A series of small wars have recently erupted between researchers in labor, development, and other fields of economics. They involve disagreements over studies claiming that they cannot “replicate” some earlier study’s result.
Replication lies in the bedrock of science. The pathological science underlying “cold fusion” was uncovered after one lab claimed to generate boundless energy in a cheap, low-temperature chemical reaction but other labs could not replicate it. Likewise in social science, when others learn that a famous result could not be replicated, they wonder about the original researchers—thinking at best of carelessness or freak chance, and at worst of deliberate deception or outright fraud.
This ambiguity makes the claim of a failed replication extremely serious. Heated, protracted controversies are common. The original authors (usually more senior) often attribute the new study’s results to differences of method that disqualify it as a replication, and complain of perverse incentives for attention-getting “gotcha” studies. The new study’s authors (usually more junior) complain of intimidating blowback that deters others from doing any replication studies at all.
Failed “replications” carry a stinging stigma
A new IZA Discussion Paper by Michael Clemens proposes one modest step to move beyond this impasse: Social science needs a single, clear definition of what a ‘replication’ is. This would make it clear what it means when a study ‘fails to replicate’ some earlier result.
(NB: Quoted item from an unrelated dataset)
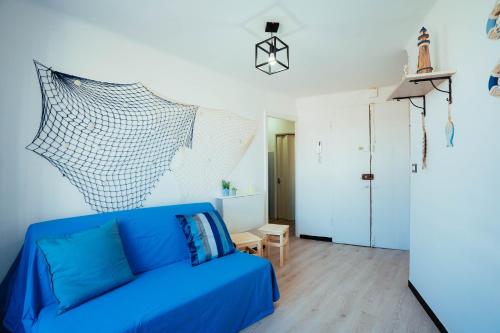 una sala de estar con un sofá azul en una habitación en Centrocittà a vista porto Genova, en Génova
The definition is simple but technical: A follow-up study replicates an original study when the follow-up study estimates a parameter from the same “sampling distribution” as the original. This means that the methods in the original study and the follow-up should be so similar that, if each of them were repeated countless times, they would arrive at practically identical estimates.
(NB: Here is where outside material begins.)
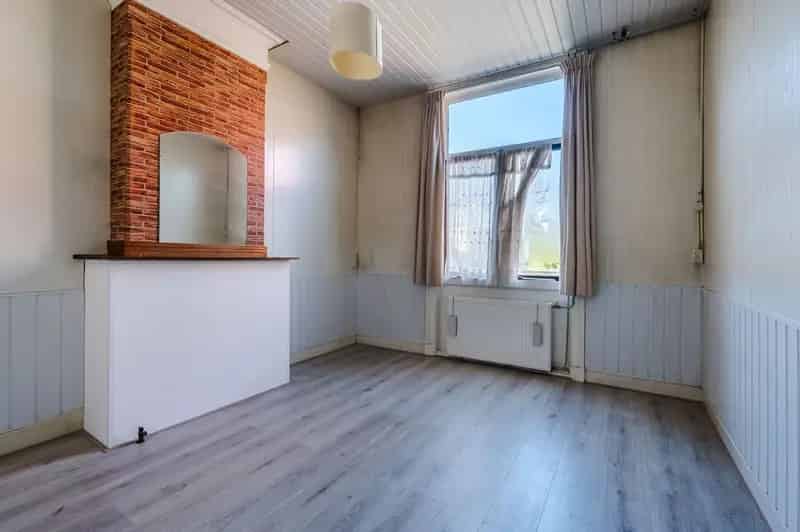 Ruime Bovenwoning Haarlem Leidsebuurt 104m² Te Moderniseren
For example, if a follow-up study substantially alters the statistical methods or sampled population used in the original study, this definition makes it wrong to say that the original results could not be replicated. It could be said that the original results were not robust to reanalysis with different methods, or were not robust to extending the data to cover a different population. But these classifications do not carry the stinging stigma of a failed “replication”.
The discussion paper digs into the literature to show why this definition makes a difference. First, it spells out the definition of a replication test, contrasts it with the mutually exclusive category of “robustness” tests, and gives several examples of each. Second, it catalogs 41 different (and often conflicting) definitions of “replication” in the social science literature. Third, it classifies numerous recent and prominent follow-up studies, finding that only about one third of them qualify as replication studies by the proposed definition.